Siyaset ülke sorunlarının pek çocuğunun çözümüdür, evet. Ama günümüz siyasetiyle yol alabilmemiz imkansız. Bunu değiştirecek bizleriz. Kimse en büyük üç dört partinin başındakilerden bir şey beklemesin. Onları daha prensipli, daha dürüst, daha ahlaklı ve daha ilkeli olmaya biz sevk etmeliyiz. Talep etmezsek, itiraz etmezsek, bu durumu sorgulamazsak hiç bir şey değişmeyecektir. Ülkece en eksik yanımız soru sorma, itiraz etme, sorgulama eylemlerindeki yetersizliğimiz. Bunların ne kadar elzem olduğunu anladığımızda bence hem cennet ülkemiz hem coğrafyamız ve hatta dünya çok daha yaşanabilir bir yer olacak.

3 Temmuz 2016 Pazar

Terör Hakkında

2016 yılı dünyasında insanlığın baş etmekte olduğu sorunları şöyle bir düşünecek olursak eğer ilk olarak aklımıza küresel ısınma, zengin fakir arasındaki uçurumun durmadan artması ve de terörizm gelecektir. Terörizmin sadece üç beş ülkenin sorunu olmadığı, bütün dünyanın ortak bir meselesi durumunda bulunduğu net bir gerçek. Yine aynı şekilde bu sorunun üstesinden ancak bütün dünya ülkeleri kol kola girerse gelinebileceği de aşikârdır. Günümüzde korku, kin ve nefretten beslenen terörün can damarı cahillik olagelmiştir. Bu yüzden terörle mücadele başlığının hep geri plana atılan bir öğesi olarak kalan boyutuna değinmek istiyorum.

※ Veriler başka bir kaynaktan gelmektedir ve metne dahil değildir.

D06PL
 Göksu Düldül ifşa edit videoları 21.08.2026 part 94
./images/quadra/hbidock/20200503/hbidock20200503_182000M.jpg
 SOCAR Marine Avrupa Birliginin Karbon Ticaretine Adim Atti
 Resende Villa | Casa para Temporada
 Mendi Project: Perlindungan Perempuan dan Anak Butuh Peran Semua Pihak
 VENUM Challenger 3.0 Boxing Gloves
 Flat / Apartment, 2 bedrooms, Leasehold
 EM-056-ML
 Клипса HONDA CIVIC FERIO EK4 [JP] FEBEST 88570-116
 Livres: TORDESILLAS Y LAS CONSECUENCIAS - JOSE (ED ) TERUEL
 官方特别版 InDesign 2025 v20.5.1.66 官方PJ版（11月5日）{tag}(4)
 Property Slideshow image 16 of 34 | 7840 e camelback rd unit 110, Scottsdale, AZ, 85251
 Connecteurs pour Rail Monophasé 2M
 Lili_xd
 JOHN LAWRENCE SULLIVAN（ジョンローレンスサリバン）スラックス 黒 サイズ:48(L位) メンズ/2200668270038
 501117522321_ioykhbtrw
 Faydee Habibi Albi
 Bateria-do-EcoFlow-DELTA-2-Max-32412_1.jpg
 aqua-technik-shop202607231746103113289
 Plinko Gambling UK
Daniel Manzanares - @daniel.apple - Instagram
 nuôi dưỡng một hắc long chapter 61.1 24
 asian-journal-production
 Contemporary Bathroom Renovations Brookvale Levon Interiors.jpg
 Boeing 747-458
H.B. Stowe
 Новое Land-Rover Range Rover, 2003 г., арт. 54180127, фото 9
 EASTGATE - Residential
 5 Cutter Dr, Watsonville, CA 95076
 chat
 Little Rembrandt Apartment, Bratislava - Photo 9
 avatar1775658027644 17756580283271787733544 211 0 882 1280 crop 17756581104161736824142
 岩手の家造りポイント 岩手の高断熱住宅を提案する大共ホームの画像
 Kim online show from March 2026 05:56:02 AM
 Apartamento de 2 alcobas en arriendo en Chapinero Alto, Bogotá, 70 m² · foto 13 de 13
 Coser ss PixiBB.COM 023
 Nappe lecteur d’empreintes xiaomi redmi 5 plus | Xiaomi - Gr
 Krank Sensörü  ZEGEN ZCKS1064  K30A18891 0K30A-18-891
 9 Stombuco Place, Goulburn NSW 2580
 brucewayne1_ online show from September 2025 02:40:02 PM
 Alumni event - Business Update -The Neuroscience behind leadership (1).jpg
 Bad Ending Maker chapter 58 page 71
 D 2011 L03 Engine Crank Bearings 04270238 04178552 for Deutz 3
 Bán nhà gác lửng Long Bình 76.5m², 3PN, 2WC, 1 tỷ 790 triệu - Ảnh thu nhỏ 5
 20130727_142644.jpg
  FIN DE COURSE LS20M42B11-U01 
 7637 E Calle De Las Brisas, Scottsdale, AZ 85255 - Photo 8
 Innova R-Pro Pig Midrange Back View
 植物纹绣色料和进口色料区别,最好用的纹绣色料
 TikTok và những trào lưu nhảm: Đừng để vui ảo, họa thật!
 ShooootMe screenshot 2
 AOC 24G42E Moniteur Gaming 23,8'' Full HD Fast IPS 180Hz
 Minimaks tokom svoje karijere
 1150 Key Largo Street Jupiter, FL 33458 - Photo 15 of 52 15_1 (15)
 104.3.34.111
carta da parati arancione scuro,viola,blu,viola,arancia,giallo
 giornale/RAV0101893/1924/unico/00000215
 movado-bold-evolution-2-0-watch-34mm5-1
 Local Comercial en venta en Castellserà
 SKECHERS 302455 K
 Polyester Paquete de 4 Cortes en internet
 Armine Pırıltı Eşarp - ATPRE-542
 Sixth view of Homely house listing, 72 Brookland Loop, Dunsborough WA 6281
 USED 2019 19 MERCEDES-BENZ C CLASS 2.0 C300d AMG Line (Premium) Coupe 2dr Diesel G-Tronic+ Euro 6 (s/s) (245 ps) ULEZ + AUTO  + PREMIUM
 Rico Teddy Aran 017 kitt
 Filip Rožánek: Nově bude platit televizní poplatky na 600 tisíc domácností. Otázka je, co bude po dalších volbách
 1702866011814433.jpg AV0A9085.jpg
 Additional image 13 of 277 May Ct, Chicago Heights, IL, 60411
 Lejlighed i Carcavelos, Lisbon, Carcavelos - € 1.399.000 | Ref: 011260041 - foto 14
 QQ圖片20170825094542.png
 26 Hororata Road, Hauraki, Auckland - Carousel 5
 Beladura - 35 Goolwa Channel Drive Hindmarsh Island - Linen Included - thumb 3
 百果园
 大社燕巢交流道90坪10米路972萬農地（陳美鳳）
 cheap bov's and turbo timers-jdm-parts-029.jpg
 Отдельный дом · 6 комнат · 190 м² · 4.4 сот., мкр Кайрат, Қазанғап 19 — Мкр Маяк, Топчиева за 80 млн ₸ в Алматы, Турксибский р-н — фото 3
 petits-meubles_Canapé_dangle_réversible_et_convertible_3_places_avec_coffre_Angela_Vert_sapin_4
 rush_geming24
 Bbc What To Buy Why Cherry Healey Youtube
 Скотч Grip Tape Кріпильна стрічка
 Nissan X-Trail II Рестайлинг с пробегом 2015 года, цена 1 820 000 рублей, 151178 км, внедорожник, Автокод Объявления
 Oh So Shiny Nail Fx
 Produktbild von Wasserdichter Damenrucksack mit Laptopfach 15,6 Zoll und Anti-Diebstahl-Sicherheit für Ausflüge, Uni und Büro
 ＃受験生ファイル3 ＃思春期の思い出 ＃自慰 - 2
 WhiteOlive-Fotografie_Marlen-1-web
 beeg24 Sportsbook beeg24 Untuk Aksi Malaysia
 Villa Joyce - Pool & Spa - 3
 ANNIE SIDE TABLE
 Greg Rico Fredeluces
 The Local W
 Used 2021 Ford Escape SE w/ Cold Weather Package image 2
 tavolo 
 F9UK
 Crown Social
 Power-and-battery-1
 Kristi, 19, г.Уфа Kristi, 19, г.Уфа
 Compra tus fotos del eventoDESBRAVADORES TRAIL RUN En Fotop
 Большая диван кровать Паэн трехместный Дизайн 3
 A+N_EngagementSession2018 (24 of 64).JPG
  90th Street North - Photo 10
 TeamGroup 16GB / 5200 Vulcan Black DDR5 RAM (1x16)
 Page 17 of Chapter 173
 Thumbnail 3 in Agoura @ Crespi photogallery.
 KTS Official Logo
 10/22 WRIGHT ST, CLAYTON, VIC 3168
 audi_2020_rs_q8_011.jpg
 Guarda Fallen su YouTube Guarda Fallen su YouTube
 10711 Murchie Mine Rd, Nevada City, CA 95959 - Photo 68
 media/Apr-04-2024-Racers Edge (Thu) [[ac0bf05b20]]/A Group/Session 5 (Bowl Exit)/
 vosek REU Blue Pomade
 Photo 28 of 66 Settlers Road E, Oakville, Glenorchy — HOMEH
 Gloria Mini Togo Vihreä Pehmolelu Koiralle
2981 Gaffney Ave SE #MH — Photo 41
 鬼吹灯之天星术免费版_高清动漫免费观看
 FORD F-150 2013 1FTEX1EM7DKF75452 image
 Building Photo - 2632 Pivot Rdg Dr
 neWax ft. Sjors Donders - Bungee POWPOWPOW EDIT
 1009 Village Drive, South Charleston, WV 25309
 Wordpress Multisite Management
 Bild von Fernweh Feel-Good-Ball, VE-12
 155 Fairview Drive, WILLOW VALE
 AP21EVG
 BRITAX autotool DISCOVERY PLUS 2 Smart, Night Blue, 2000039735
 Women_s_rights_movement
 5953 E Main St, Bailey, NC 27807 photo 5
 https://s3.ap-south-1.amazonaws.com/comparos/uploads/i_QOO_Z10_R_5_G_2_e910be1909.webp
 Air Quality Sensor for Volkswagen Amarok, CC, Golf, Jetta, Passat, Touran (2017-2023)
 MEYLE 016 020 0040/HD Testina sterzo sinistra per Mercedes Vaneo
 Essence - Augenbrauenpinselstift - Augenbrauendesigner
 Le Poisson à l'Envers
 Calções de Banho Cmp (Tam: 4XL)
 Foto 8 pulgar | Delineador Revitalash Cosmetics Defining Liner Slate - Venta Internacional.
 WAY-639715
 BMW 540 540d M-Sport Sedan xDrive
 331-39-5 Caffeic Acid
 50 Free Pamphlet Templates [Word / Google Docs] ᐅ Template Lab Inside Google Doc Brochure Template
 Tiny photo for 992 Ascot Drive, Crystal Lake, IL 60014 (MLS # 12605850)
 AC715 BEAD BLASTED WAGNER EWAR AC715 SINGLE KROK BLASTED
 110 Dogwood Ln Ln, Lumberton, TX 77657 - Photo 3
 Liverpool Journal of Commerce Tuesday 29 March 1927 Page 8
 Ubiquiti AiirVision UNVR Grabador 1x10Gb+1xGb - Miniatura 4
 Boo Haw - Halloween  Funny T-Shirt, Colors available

Terörün önüne geçebilmenin bütün dünyanın yan yana bir çalışması sonucu mümkün olabileceğine değindim. Ama bunun imkânsıza yakın olduğunu da belirtmeliyiz. Makro açıdan bakıldığında ülke dış politikalarının, bakış açılarının oldukça farklılaşabileceğini görüyoruz. Zira kimi yapılanmalar bazı ülkeler için terör örgütü sayılırken bazı ülkeler için işbirlikçi konumunda bulunabiliyor. Buna en güncel örnek Suriye'nin kuzeyinde savaşa entegre halde bulunan YPG’yi verebiliriz. YPG Türkiye tarafından terörist bir örgüt olarak görülürken ABD böyle düşünmeyip bu yapılanmaya çeşitli silah yardımları yapıyor.

Ben terörizmle mücadele etmenin silahla olan yönteminden daha etkili bir şeklinden bahsedeceğim. Terör kafasının içi boş, düşünce dünyası gelişememiş insanları kullanıyor. Bu insanların boş olan zihinleri saçma zırvalarla, yalan dolanlarla çeşitli metotlar kullanılarak dolduruluyor ve birer ölüm makinesi haline getiriliyorlar. Yüzlerce masum insanın içinde, onlarca kilo patlayıcıyla kendilerini havaya uçurabilecek kıvama getiriliyorlar.


Bence terörü ortadan kaldırabilecek tek yöntem silahlı mücadeleden ziyade cahillikle savaşmaktır. İnsanlara kaliteli eğitim sunmak, okuma alışkanlığı edinmelerini sağlamak, sorgulayıcı düşünce yapısına sahip olabilmelerine gayret göstermek gerekiyor. Devletlerini terörle mücadele stratejilerinin başında bunlar gelmeli diye düşünüyorum. Okuduğu son kitap Cin Ali olan bir toplumun gerçekleri görme açısından nerede olabileceğini bir düşünelim. Kaliteli eğitim kaliteli kültür ve sanatla desteklenirse eğer bizim gibi özellikle Ortadoğu ve İslam ülkeleri çok daha insanca bir hayata kavuşacaktır. Umutla, kitapla, şiirle, sevgiyle kalın.